Data provided:
=-=-=-=-=

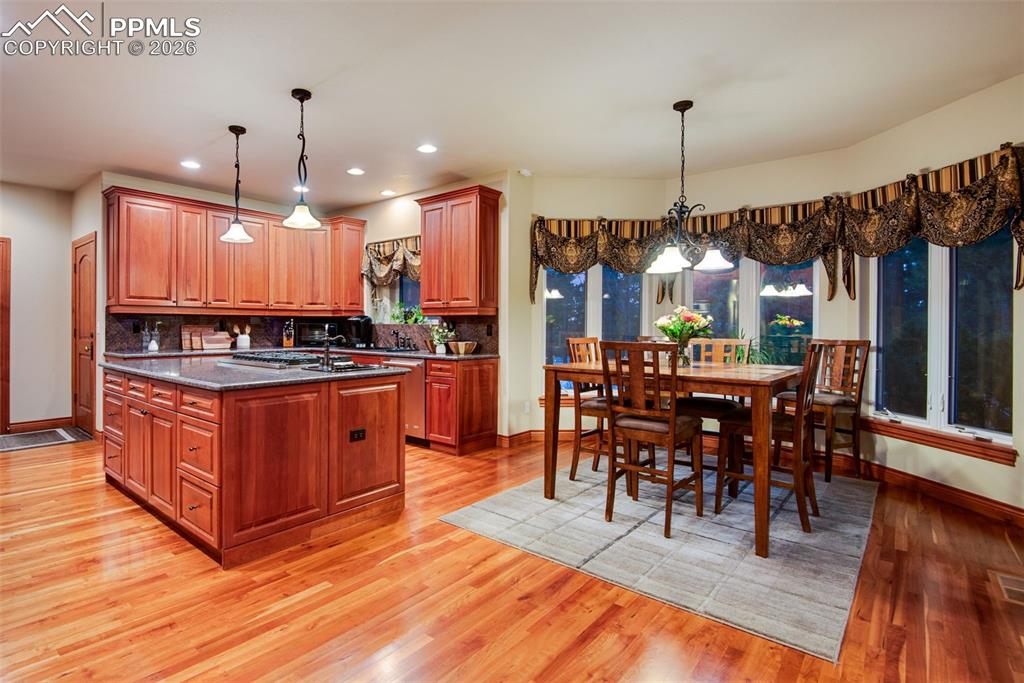 Kitchen view with eat-in dining area
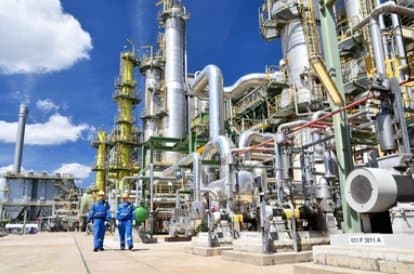 Technicians at work in a refinery unit
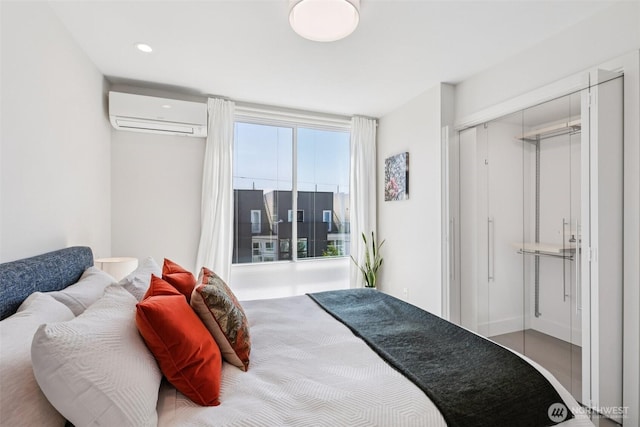 4303 Dayton Ave N Unit E, Seattle, WA 98103 - bedroom with a wall mounted AC and recessed lighting
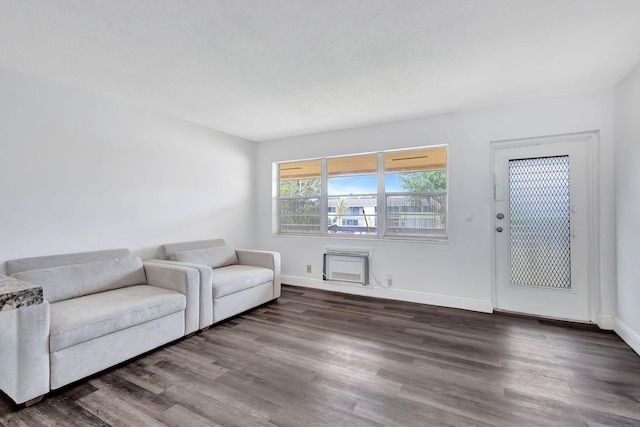 unfurnished living room featuring dark wood-type flooring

=-=-=-=-=

Task objective: Would you restate word for word only the lines from the one containing "4303 Dayton Ave" to the final line of the material, both ends included, without any pictures?

Response:
 4303 Dayton Ave N Unit E, Seattle, WA 98103 - bedroom with a wall mounted AC and recessed lighting
 unfurnished living room featuring dark wood-type flooring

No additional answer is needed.